In the above picture, you see Fr. Lazerous and Gladys visiting. She has a husband at the colony. I met their son there too, who is not afflicted.
In the picture above, Fr. Lazerous visits with the husband of Gladys at the leper colony.
Fr. Lazerous visits the inhabitants of the Oblates leper colony on a regular basis. Today we met about 8 people and had a wonderful visit with them.
Weaving baskets is how many people in the leper colonies have made made money. One lady was making this basket when we stopped by to visit.
These last 3 pictures show me and the lady I danced with at mass early this day. I was standing about 6 feet from her in church and she started dancing (which honestly is hard NOT to do). Then she motioned me to come out on the floor with her and we danced in front of the children’s section and they loved it! Later in the day Fr. Lazerous, Billy Fuller and I visited her home and here we go again!

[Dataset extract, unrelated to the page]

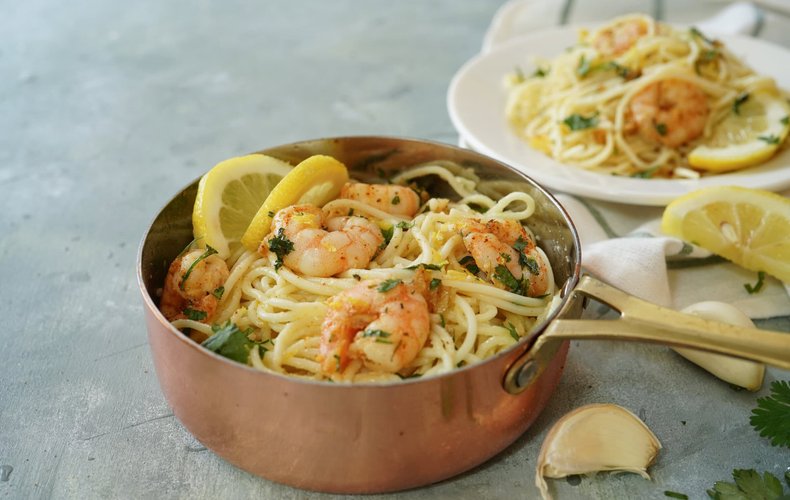 Receta de espaguetis al limón y gambas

My day in Zambia on Friday, July 8 started at 4:30. Our team plus Bill Fuller left Lusaka in a van at 5 am to go to Kaoma. Bill, who is coming back to Lukulu for the first time in 6 years, will also be working on a solar panel project in Mongu this week. The team planned to drop Billy Fuller and I off with a driver in Kaoma (part way to Mongu) who would take us on in to Lukulu.

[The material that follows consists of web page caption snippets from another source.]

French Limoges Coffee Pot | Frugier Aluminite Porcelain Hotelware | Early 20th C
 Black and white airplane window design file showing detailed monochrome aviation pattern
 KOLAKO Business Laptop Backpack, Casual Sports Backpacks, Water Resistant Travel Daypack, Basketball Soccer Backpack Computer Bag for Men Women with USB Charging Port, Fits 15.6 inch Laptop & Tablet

As we were traveling through Lusaka our transmission was brutally attacked by a rock in the middle of the road. It punctured a hole in the transmission pan and had to be welded and repaired. However, we did not know the extent of the damage until we were about 45 minutes west of Lusaka. We noticed trouble with the transmission, pulled over and called back to the office for help. The team then waited for repairs while Billy and I caught a bus on to Kaoma ahead of them. Bill and I will catch back up with the team on Monday when we leave Lukulu and travel 6 hours to Mongu.
So back to the travel story…at this point we made it to Kaoma in about 2.5 hrs. We then met our driver and headed out for a 3 hour drive to Lukulu squashed in a Toyota pickup truck that unbeknownst to us had trouble with it’s headlights…so much that the lights would not work at all. Of course we discovered this problem as dusk settled in. With dark fast approaching, the driver tried to fix the headlights on the dirt road, but to no avail. So we continued to drive about 20 minutes toward Lukulu as our light progressively kept getting darker and darker. The light disappeared and I could barely see my hand in front on my face! Yet, our good driver made it though to deliver us to the Lukulu mission intact.

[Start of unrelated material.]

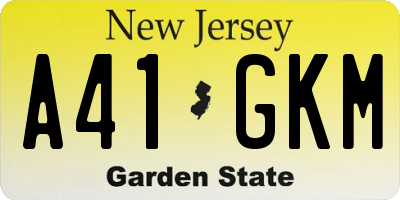 NJ license plate A41GKM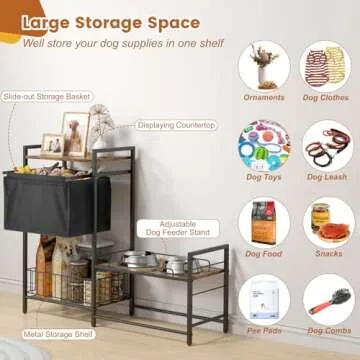 Lomivra Elevated Dog Bowls, Raised Dog Bowl Stand with Dog Toy Bin Basket Dog Food and Water Bowl Feeding Station, Lifted Dog Bowl Holder Cabinet with Pet Storage Organizer for Large Medium Small Dogs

We arrived late at about 7 pm and very hungry only to find out no one was at the mission to greet us…we were locked out. We finally found someone to let us in. We grabbed some delicious food instead that had been prepared just for us sitting on a table in the dining area. We where then shortly greeted by Fr. Lazarous and had supper together. How cool is that! Eventually we settled in for the night, ready to begin the next day.
One last minor factoid; the city of Lukulu turns off the electricity at night, so at 11 pm the building went pitch dark and I had to grab a flashlight to find my way around. So it sorta forced me to get some sleep LOL!
BTW: You can see us in the truck leaving Kaoma on my Facebook page.
It’s Thursday July 7th and our Oblate team visited the nearby Mary Immaculate Parish. The kids there were enjoying a nice winter day outside on the playgrounds. We also visited an HIV hospice earlier in the day.
I also visited our on-site automobile garage repair shop that rebuilds engines and does complete body work! Additionally I visited our onsite graphic design and print shop. They print posters and books here for local customers.
When the Internet access is a little more stable I will be able to send more videos so you can see AND hear people take about our work in in Lusaka.